# Exercise requirements
Write out all of the records precisely. Skip anything that is a picture.

# Records provided
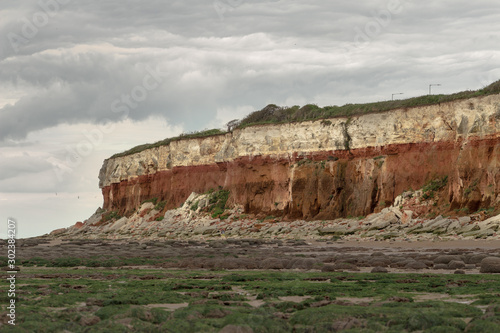 Colorful orange rocky cliffs from limestone and low tide sea, high cliffs by the ocean Dover Hunstanton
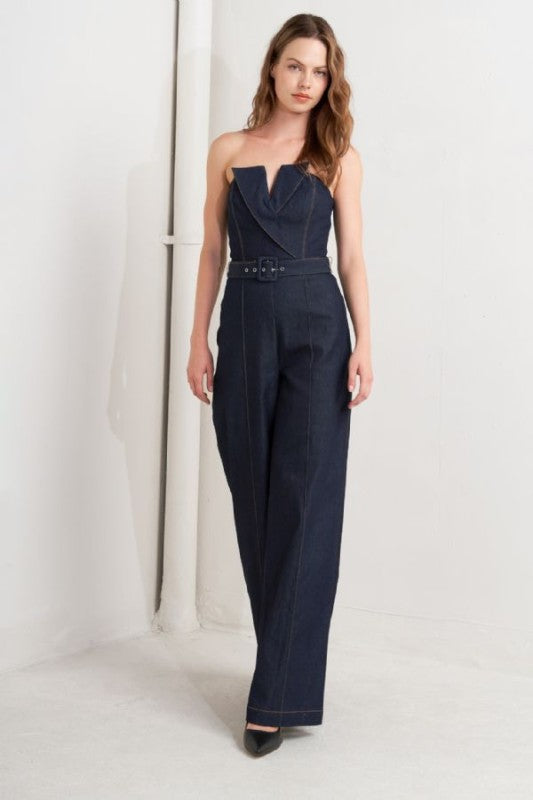 A denim jumpsuit featuring strapless, front fold over detail, self belt and wide leg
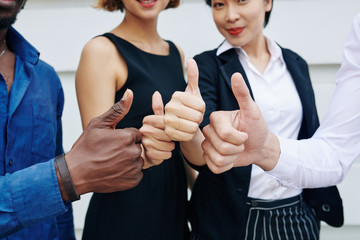 Close-up image of business people showing thumbs-up to express support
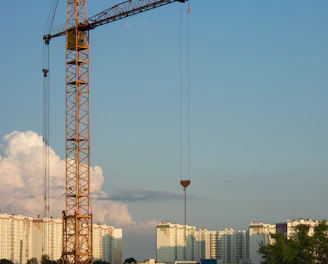 An architect reviewing blueprints at a construction site with cranes in the background.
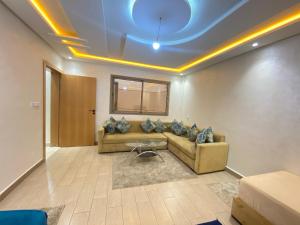 ein Wohnzimmer mit Sofa und Tisch in der Unterkunft Élégant appartement au cœur du Laâyoune in El Aaiún + 2 Fotos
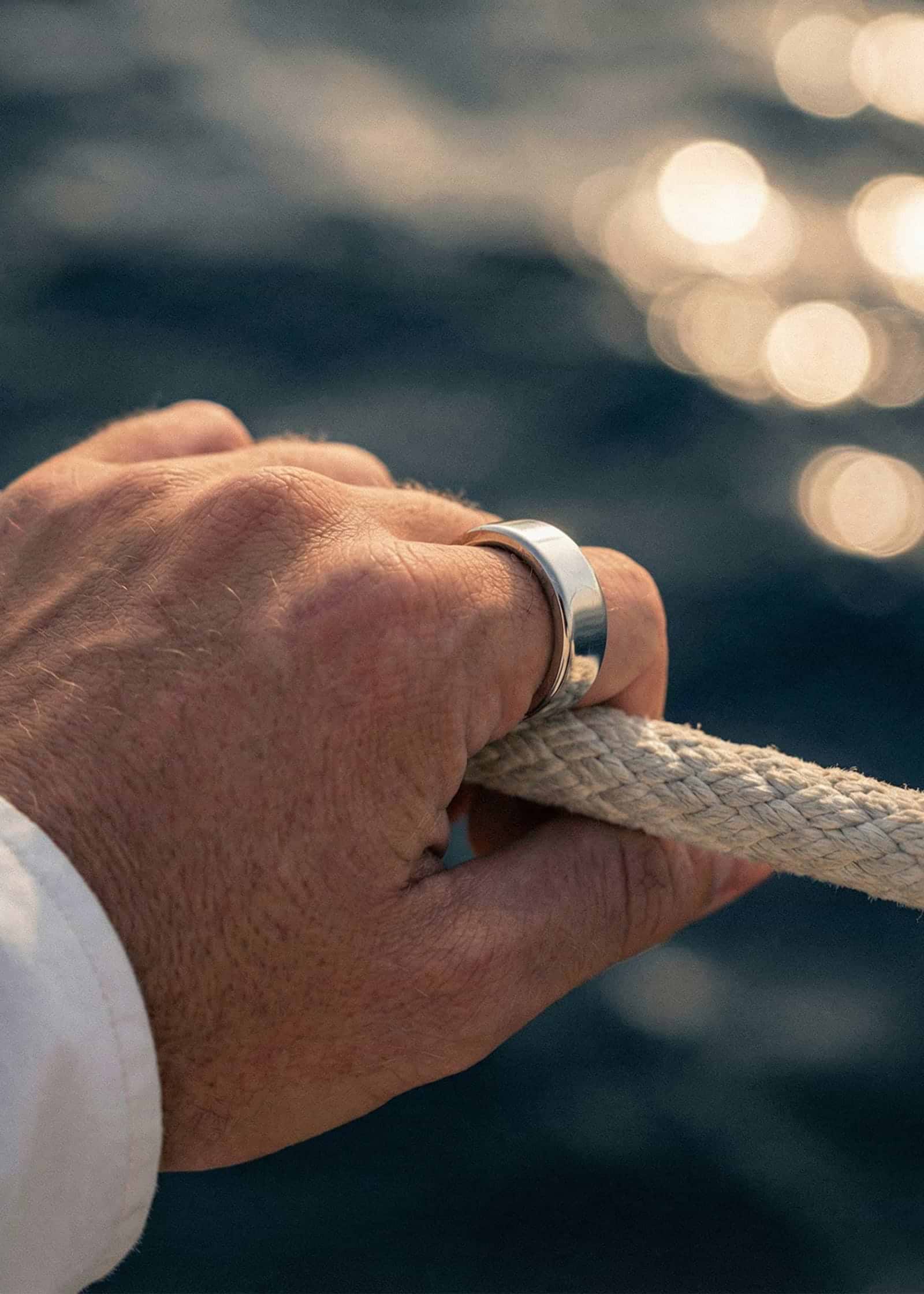 Ultrahuman Ring PRO on a hand pulling a rope
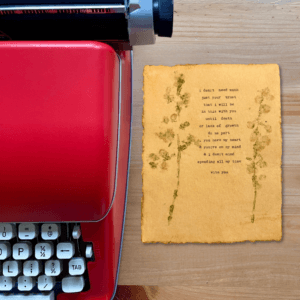 An image of a red typewriter next to typewriter art. The art is stamped with real flowers and displays a poem about love.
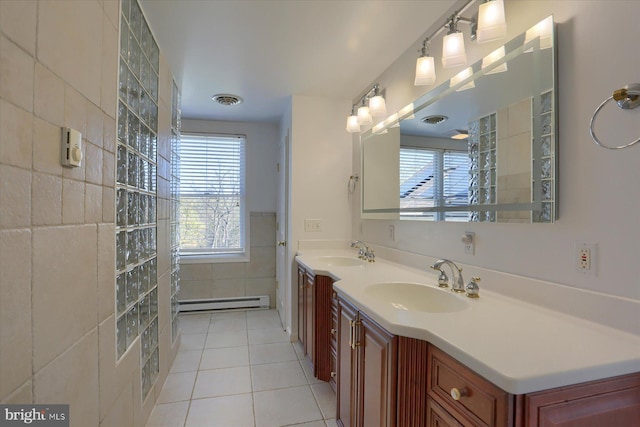 bathroom with a baseboard radiator, tile walls, vanity, a shower, and tile patterned flooring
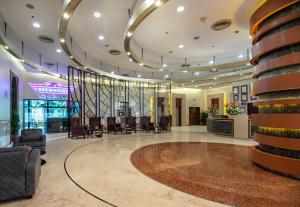 Posezení v ubytování Radisson Gurugram Sohna Road City Center + 37 fotografií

# Task output
 Colorful orange rocky cliffs from limestone and low tide sea, high cliffs by the ocean Dover Hunstanton
 A denim jumpsuit featuring strapless, front fold over detail, self belt and wide leg
 Close-up image of business people showing thumbs-up to express support
 An architect reviewing blueprints at a construction site with cranes in the background.
 ein Wohnzimmer mit Sofa und Tisch in der Unterkunft Élégant appartement au cœur du Laâyoune in El Aaiún + 2 Fotos
 Ultrahuman Ring PRO on a hand pulling a rope
 An image of a red typewriter next to typewriter art. The art is stamped with real flowers and displays a poem about love.
 bathroom with a baseboard radiator, tile walls, vanity, a shower, and tile patterned flooring
 Posezení v ubytování Radisson Gurugram Sohna Road City Center + 37 fotografií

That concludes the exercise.